Why not just put a turbo and nos on, build the motor, new cam, PCM, an LSD, slicks and have a 9 second car?????
btw. pcm? more like standalone and LOTS AND LOTS of tuning to run 9s
plan on spending a ton of money to run that fast :lol:
REMEMBER, MONEY IS MY ENEMY RIGHT NOW! LOL! I want something $600 or less that will get me going faster.
-Can you please explain more about which turbos will fit on a 98 SOHC Auto?
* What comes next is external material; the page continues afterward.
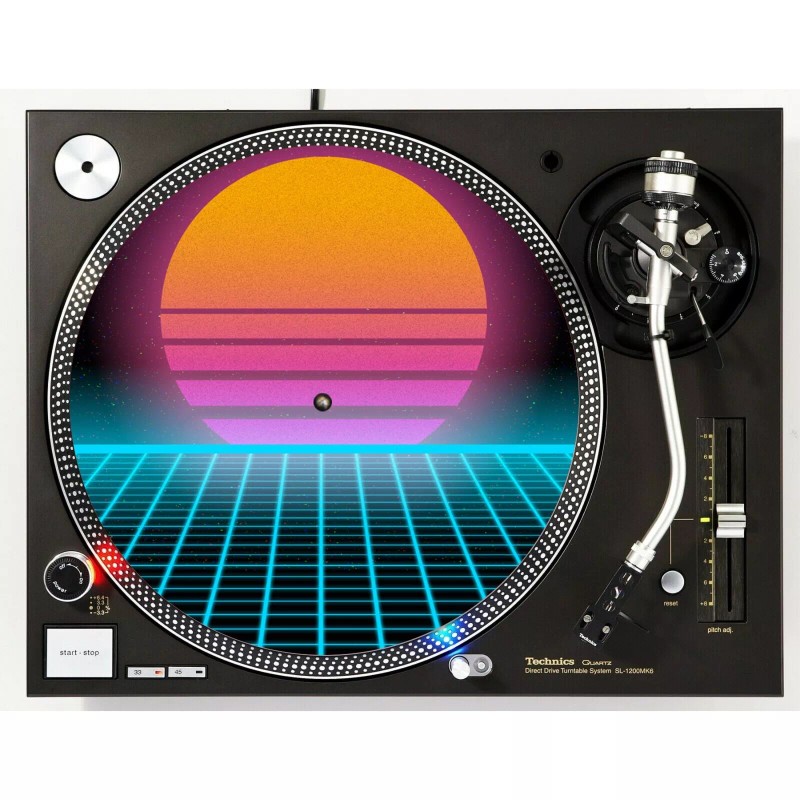 Plastic Waffles Set of 2 DJ 1980 Synthwave Sun #2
And, exactly what will I need to buy to get it on?
Right most fmic were put on at dealerships around here.
You dont have to worry to much about connecting rods cuz they are a lot better then honduhs even at 16 psi.
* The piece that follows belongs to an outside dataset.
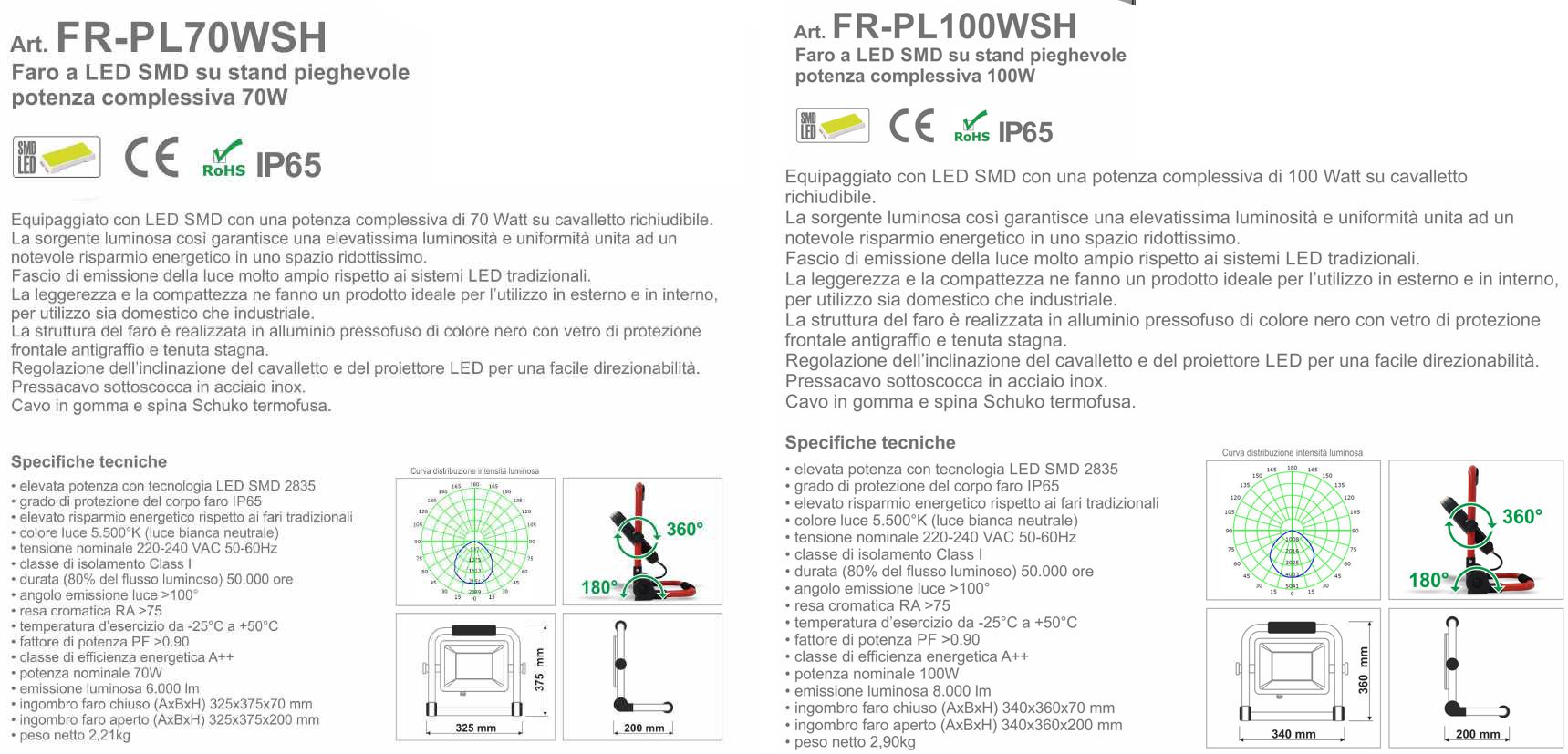 FARO LED 70W PIEG C/SUPP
SO you will also have to change your timing a bit
and if you are referring to cam timing. you do not need to change that at all when boosting. sure, some/a turbo grind cam would be optimal, but not necessary.
#26
RE: N2O
When I went and bought my cams they had a specific ordeal about the camming w. the turbo and said it would be an optimal upgrade. Mine are crane cams so you might not need it but they recommended it. No it isnt factory upgrade they just put em on round here in a college town it is more appealing for some reason. They would buy out the old 95-99 eclipses back from the owners and sell em w/ the FMIC on little upgrades. Dont ask me why...I wish I knew. Prolly more money for em... And about the 270 torque range..... you arent goin ta get that kinda torque from a mostly stock motor anyways so it is quite safe to run the stock connecting rods. The most hps youll prolly get from it is about 200-220 anyhow with a stock motor.
#28
RE: N2O
ORIGINAL: highrevr/tflea
And about the 270 torque range..... you arent goin ta get that kinda torque from a mostly stock motor anyways so it is quite safe to run the stock connecting rods. The most hps youll prolly get from it is about 200-220 anyhow with a stock motor.
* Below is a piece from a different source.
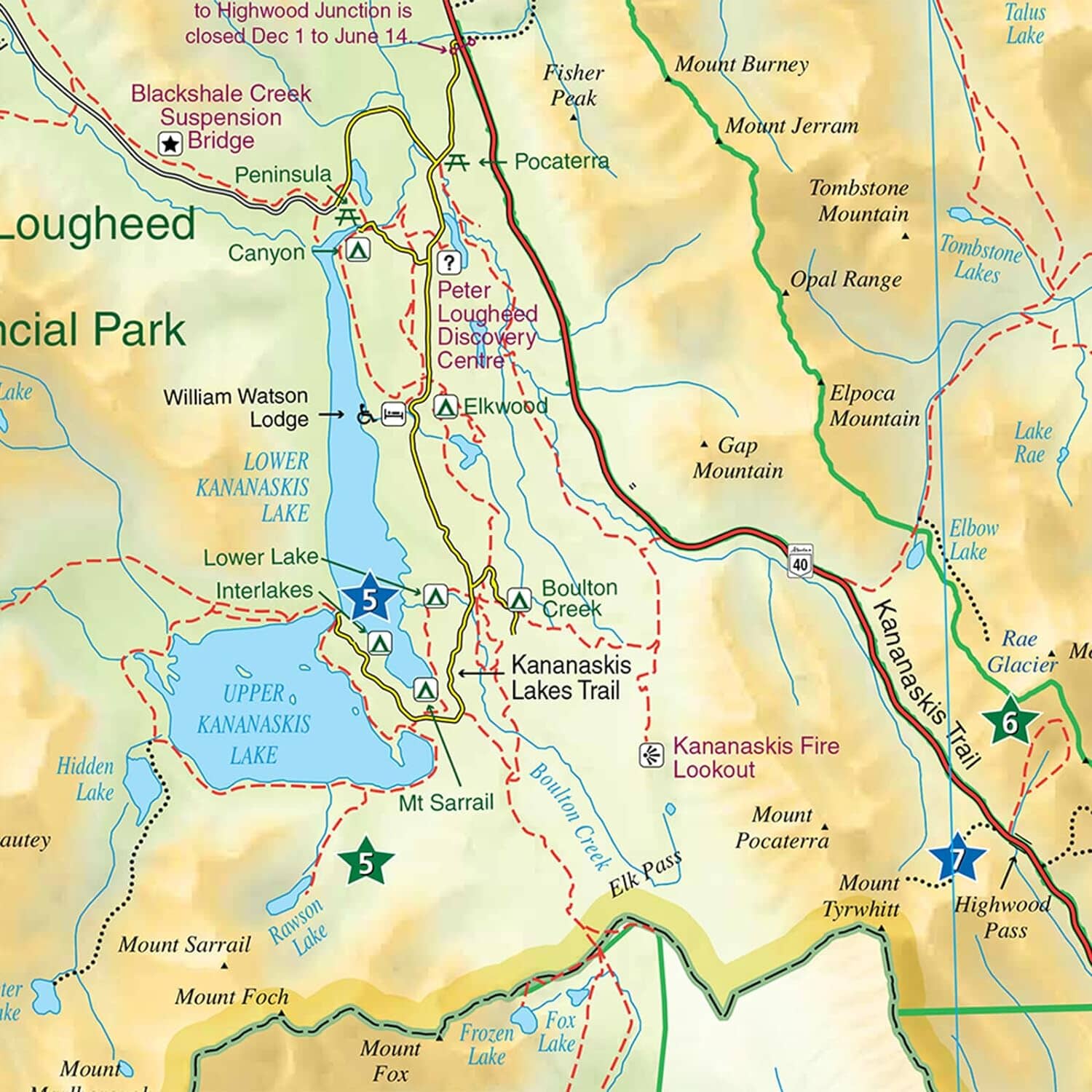 Carte de voyage & Guide - Kananaskis Country | Gem Trek carte routière Gem Trek Publishing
And about the 270 torque range..... you arent goin ta get that kinda torque from a mostly stock motor anyways so it is quite safe to run the stock connecting rods. The most hps youll prolly get from it is about 200-220 anyhow with a stock motor.
ive also seen quite a few dynos of stock-internal turbo'd neons pushing that limit. heck, one in particular (turbo amy) is either around that area, or past it, and im pretty sure she said she was still on stock internals.
if you slap a big enough turbo on it, feed it enough fuel, and control the ignition timing, you can easily surpass that 270 tq range. no doubt. 20g turbo anyone? even the evo8 16g will surpass that limit as well. and while you can, its just not recommended of course
#29
#30
RE: N2O
That stuff is as reliable as a nuclear reactor that's running hot.
Those are completely opposite of what I was saying. You still need knowledge to make your car fast if it's a atx, actually you'd probably have to know more to get it faster than a mtx, racing with slicks is needed if you're really into it, so I don't know how that came up
Cheating, by definition, is to deceive or deprive by trickery, to swindle, mislead, fool, elude or escape. If you can logically explain exactly how using nitrous oxide is truly cheating, I'm all ears. Just because you don't understand it doesn't make it wrong.
Yes, I can make a nitrous setup that is just as reliable as any turbo setup or high compression setup. It all has to do with fuel trim, octane, and ignition timing - ultimately it has to do with peak internal cylinder pressure, but that's tough to measure real time on most cars... Morons (even not-so-morons) blow their engines all the time (even mostly stock) because they either can't or don't tune properly or don't use safety features (fuel pressure cutout, etc.), or they put too much torque on stock components. Nitrous is no different than any other type of forced induction in that respect.
Bottles are for babies... cute! That goes right up there with "There's no replacement for displacement" and "Horsepower sells cars, but torque wins races" as my all-time favorite ignoramus musclecar catchy sayings.